DENPASAR – Desakan kepada Presiden Jokowi untuk mencabut remisi pembunuh wartawan I Nyoman Susrama terus menggema.
Pasalnya, banyak prosedur dan ketentuan hukum yang ambigu dalam penerapan remisi I Nyoman Susrama.
Dosen hukum tata negara Fakultas Hukum Universitas Udayana (Unud) Jimmy Z. Usfunan menegaskan, sebaiknya Presiden Jokowi meninjau kembali Keputusan Presiden (Keppres)
Nomor 29/2018 tentang Pemberian Remisi Berupa Perubahan dari Pidana Penjara Seumur Hidup Menjadi Pidana Sementara.
Menurut Jimmy, kendati secara hukum prosedur pemberian remisi sudah sesuai prosedur berdasar Keppres 174/1999 tentang Remisi, namun, bukan berarti bisa mengabaikan rasa keadilan masyarakat.
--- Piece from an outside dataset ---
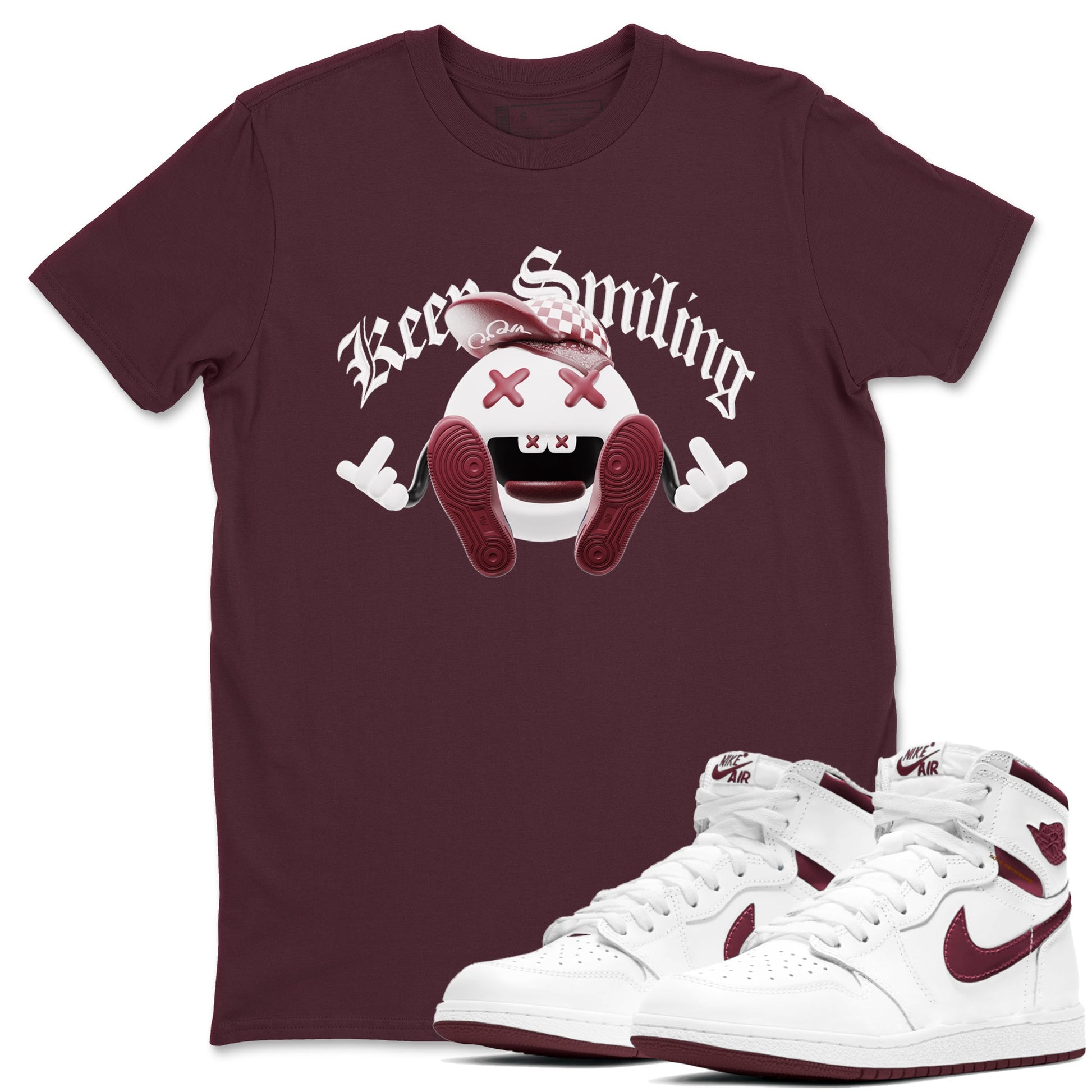 1s Metallic Burgundy shirt to match jordans Keep Smiling sneaker tees AJ1 Metallic Burgundy SNRT Sneaker Release Tees Unisex Maroon 1 T-Shirt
Dalam Pasal 9 ayat (1) Keppres 174/1999 disebutkan: “Narapidana yang dikenakan pidana penjara seumur hidup dan telah menjalani pidana paling sedikit 5 (lima) tahun
berturut-turut serta berkelakuan baik, dapat diubah pidananya menjadi pidana penjara sementara, dengan lama sisa pidana yang masih harus dijalani paling lama 15 tahun”.
Menurut Jimmy, kata “dapat” menekankan pada diskresi dari Menteri Hukum dan HAM melalui Dirjen Pemasyarakatan setelah mendapatkan usulan dari Kepala Lapas setelah permohonan dari narapidana.
“Dengan diskresi ini, seharusnya ada aspek-aspek lain yang menjadi pertimbangan dalam menindaklanjuti usul remisi tersebut,
sebagaimana dalam asas-asas umum pemerintahan yang baik yakni aspek keadilan,” jelas Jimmy kepada Jawa Pos Radar Bali, kemarin (29/1).
Jimmy berharap Presiden mempertimbangkan kembali rasa keadilan dalam masyarakat melalui revisi Keppres 29/2018 tersebut.
Disamping itu, perlu adanya revisi terhadap Keppres 174/1999 yang sudah tidak sesuai dengan kondisi saat ini. “Agar tidak ada lagi persoalan semacam ini di kemudian hari,” tegasnya.